§ WHAT YOU WILL DO:
Reproduce every line of the material below exactly. No pictures belong in the copy.

§ DATA EXTRACT:
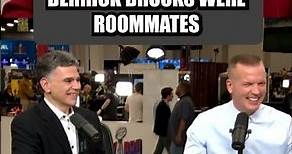 Why Warren Sapp and Derrick Brooks were roommates 🤣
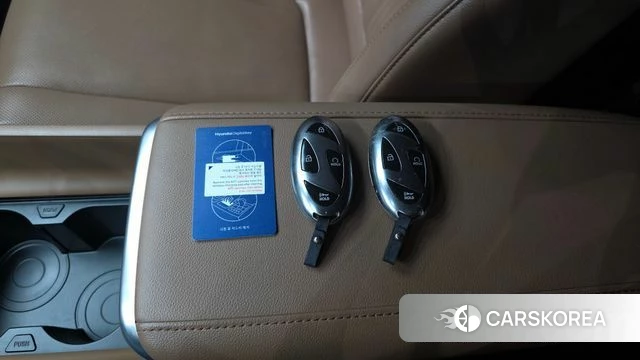 Hyundai Grandeur Hybrid (GN7) id 4194531 из Кореи 9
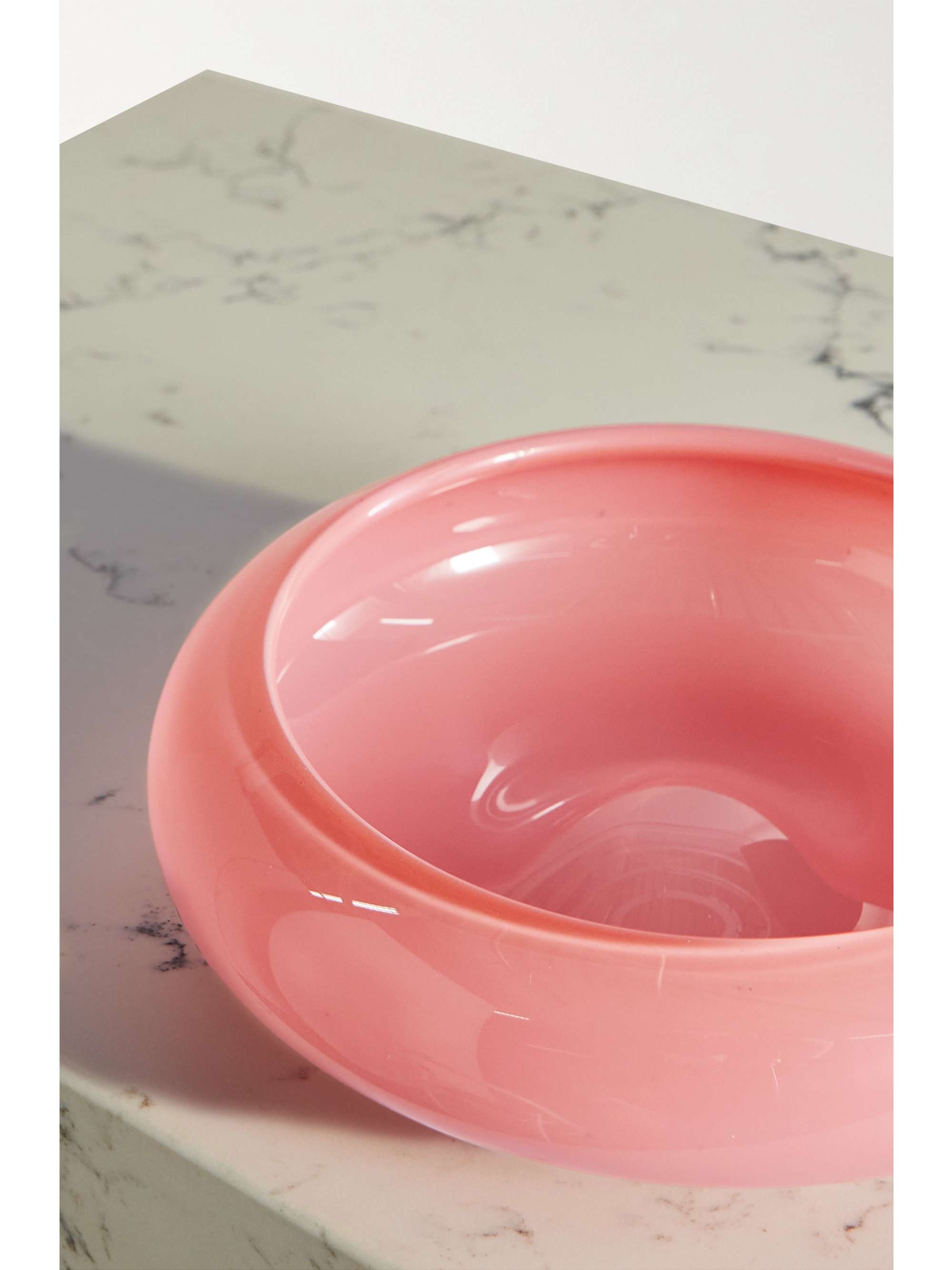 VANDEROHE CURIO + NET SUSTAIN large Pebble bowl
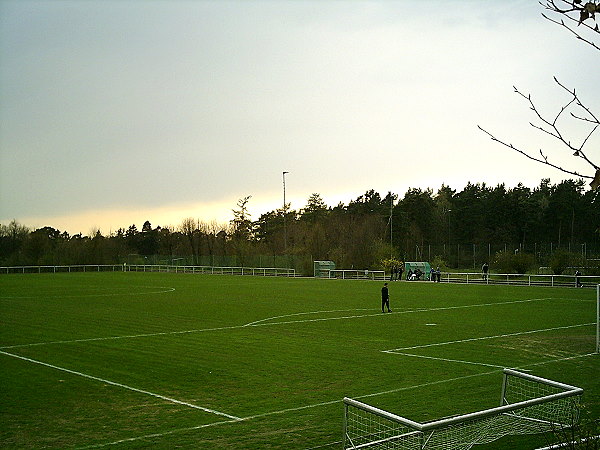 Sportanlage Am Bötschenberg - Helmstedt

§ EXPECTED ANSWER:
 Why Warren Sapp and Derrick Brooks were roommates 🤣
 Hyundai Grandeur Hybrid (GN7) id 4194531 из Кореи 9
 VANDEROHE CURIO + NET SUSTAIN large Pebble bowl
 Sportanlage Am Bötschenberg - Helmstedt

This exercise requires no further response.